[EXCERPTED RECORDS]

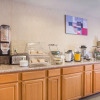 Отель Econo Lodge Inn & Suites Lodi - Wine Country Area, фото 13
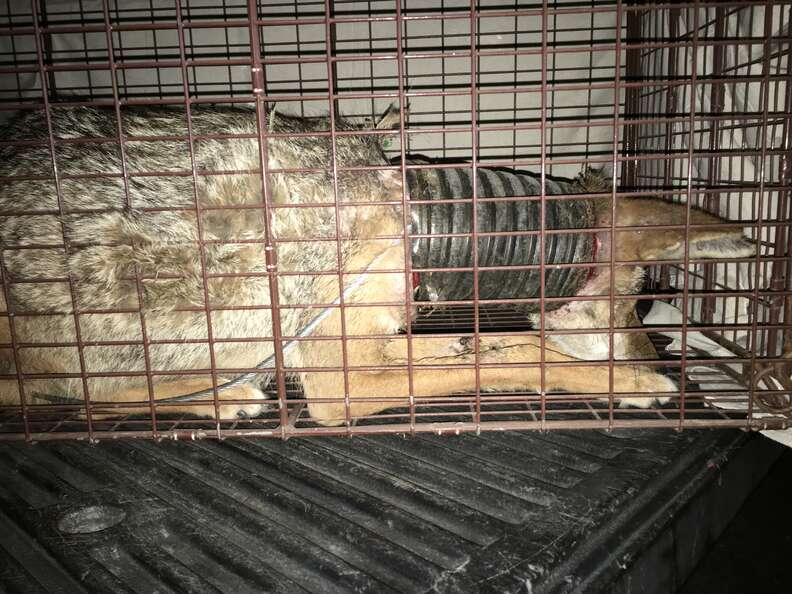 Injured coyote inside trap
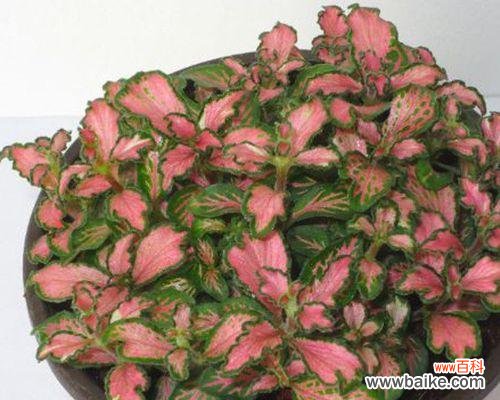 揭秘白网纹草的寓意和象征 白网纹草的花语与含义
* * *
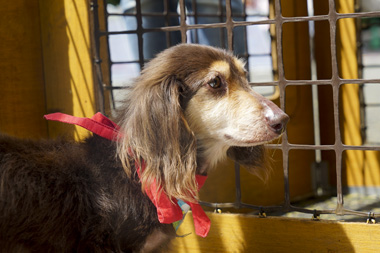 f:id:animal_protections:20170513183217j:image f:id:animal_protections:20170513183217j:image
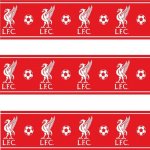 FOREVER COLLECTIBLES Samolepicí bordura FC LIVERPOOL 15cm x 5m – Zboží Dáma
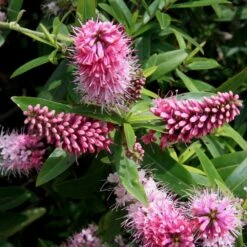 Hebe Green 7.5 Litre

[ASSIGNMENT]
For this task, return exactly the stretch of the listing above from the line with "FOREVER COLLECTIBLES Samolepicí" through the line with "Hebe Green 7.5 Litre", inclusive and without pictures.

[RESPONSE AREA]
 FOREVER COLLECTIBLES Samolepicí bordura FC LIVERPOOL 15cm x 5m – Zboží Dáma
 Hebe Green 7.5 Litre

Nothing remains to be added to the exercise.